O Wermy é um medicamento sujeito a receita médica cujo único princípio ativo é a Gabapentina. É classificado essencialmente como um anticonvulsivante ou, de forma mais comum, como um fármaco antiepilético (FAE).
Esta classe farmacológica define-se pela sua capacidade de estabilizar e controlar a atividade elétrica anómala no sistema nervoso central (SNC). A Gabapentina é um composto sintético estruturalmente relacionado com o neurotransmissor inibitório natural designado por ácido gama-aminobutírico (GABA). A exigência de que o Wermy seja dispensado apenas mediante prescrição sublinha a necessidade de este ser utilizado no controlo de condições crónicas ou especializadas sob supervisão médica direta.
De que é Feito o Wermy e Como é Apresentado?
A única substância ativa do Wermy é o composto genérico Gabapentina (DCI), tratando-se de um produto de ingrediente único. A composição e pureza da Gabapentina são rigorosamente reguladas por normas farmacêuticas internacionais.
O Wermy destina-se a administração por via oral e é habitualmente apresentado em diversas formas farmacêuticas, incluindo cápsulas, comprimidos e solução oral. A disponibilidade do Wermy em solução oral líquida é uma característica relevante, facilitando a administração a grupos específicos de doentes, como aqueles que têm dificuldade em deglutir formas sólidas.

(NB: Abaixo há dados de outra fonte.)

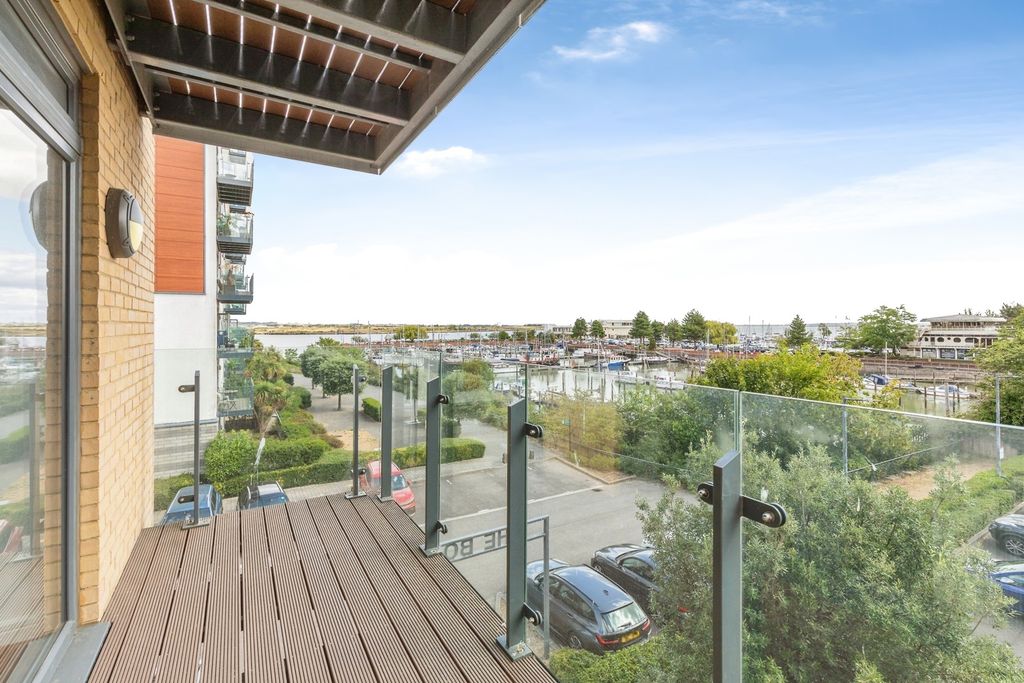 Property photo 2 of 16 Pbox-Img.Jpg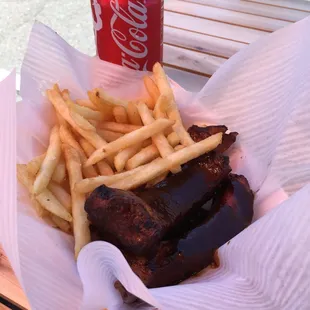 3 rib plate with coke.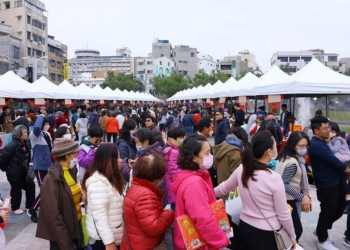 ▲「2025嘉義市年貨大街」一開幕即吸引眾多人潮與滿滿買氣。（圖/嘉義市政府提供）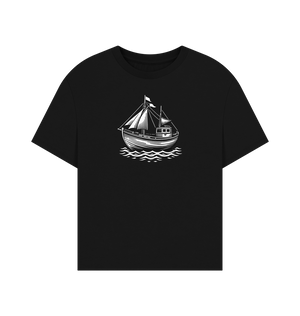 Black printed t-shirt with a boat print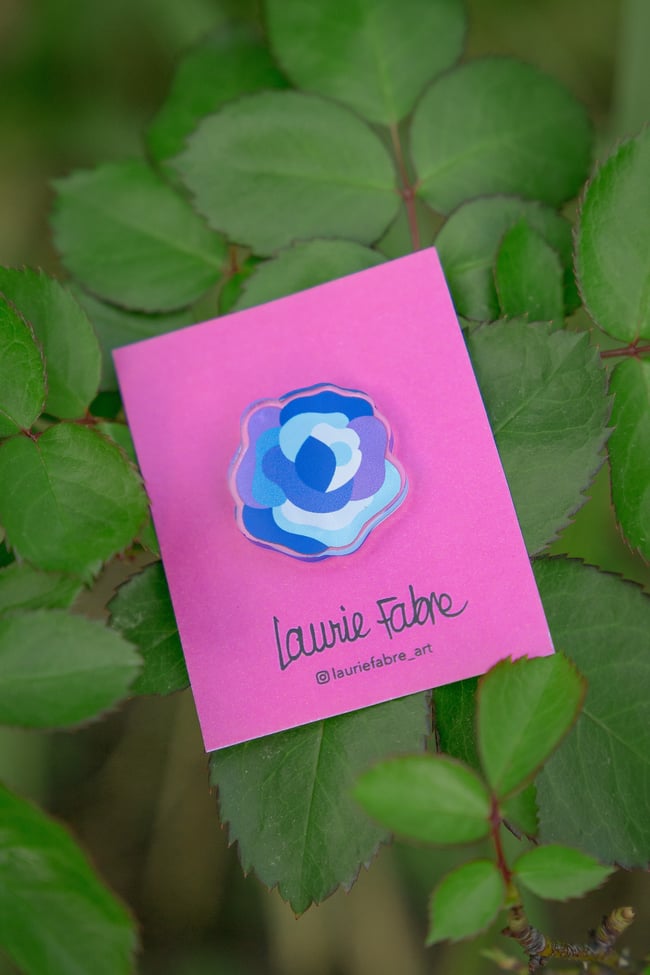 Pin’s rose bleu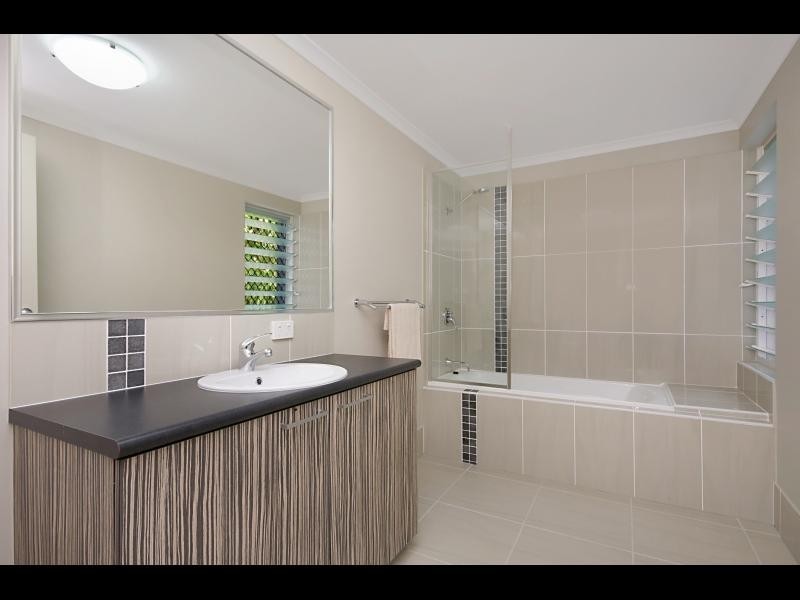 5/109 Callaghan Street, Mooroobool QLD 4870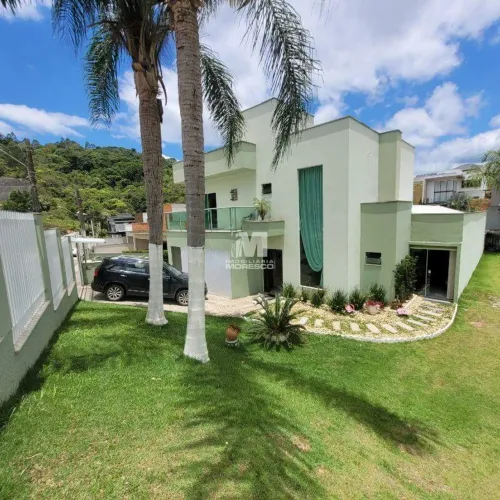 Linda Casa a Venda no Loteamento Lagoa Dourada em Brusque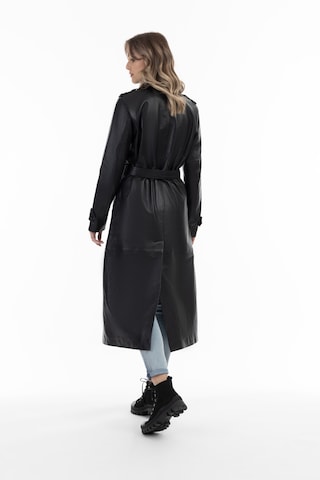 DreiMaster Vintage Between-Seasons Coat in Black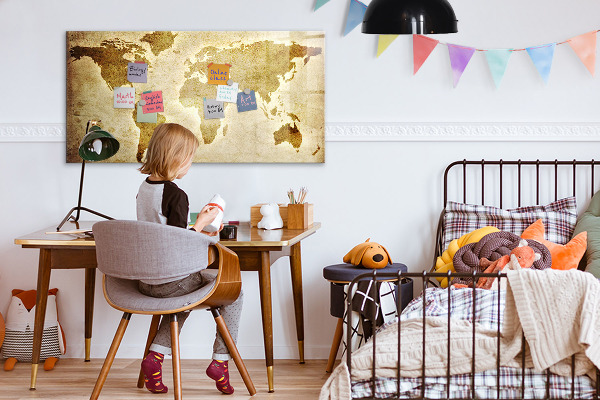 Dry erase board magnetic A world map with personal memories
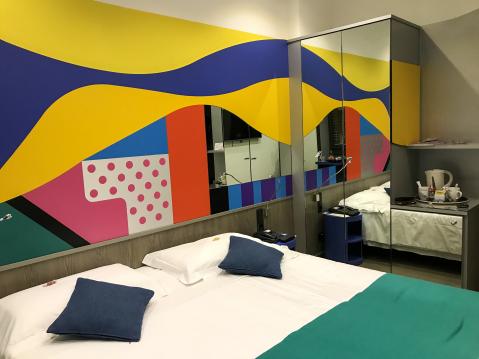 Hotellihuoneen seinillä olevat modernit taideteosten on tarkoitus luoda värien ja muotojen synergiaa, samalla symboloiden Italialaista maisemakuvaa.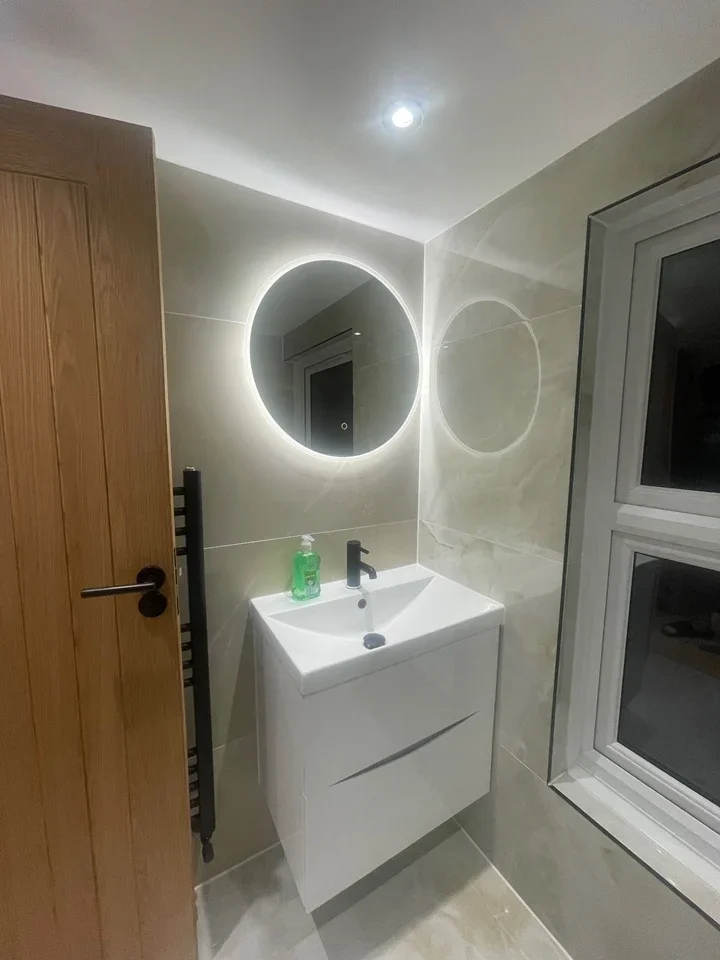 Room Durham Road in Greater London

Qual é o Objetivo Geral de Anticonvulsivantes como o Wermy?
O objetivo geral do Wermy é reduzir a excitabilidade das células nervosas e promover um efeito de estabilização no sistema nervoso. Este resultado é alcançado através da modulação da libertação de mensageiros químicos que transmitem sinais entre as células.
Esta ação fundamental de estabilização nervosa oferece o benefício terapêutico de limitar a atividade nervosa descontrolada, sendo clinicamente reconhecida para o controlo de perturbações elétricas. Devido à sua atuação na comunicação entre os nervos, ajuda também a moderar certos tipos de sinais de dor crónica de origem nervosa, desempenhando uma função geral que se estende além do controlo tradicional de crises convulsivas.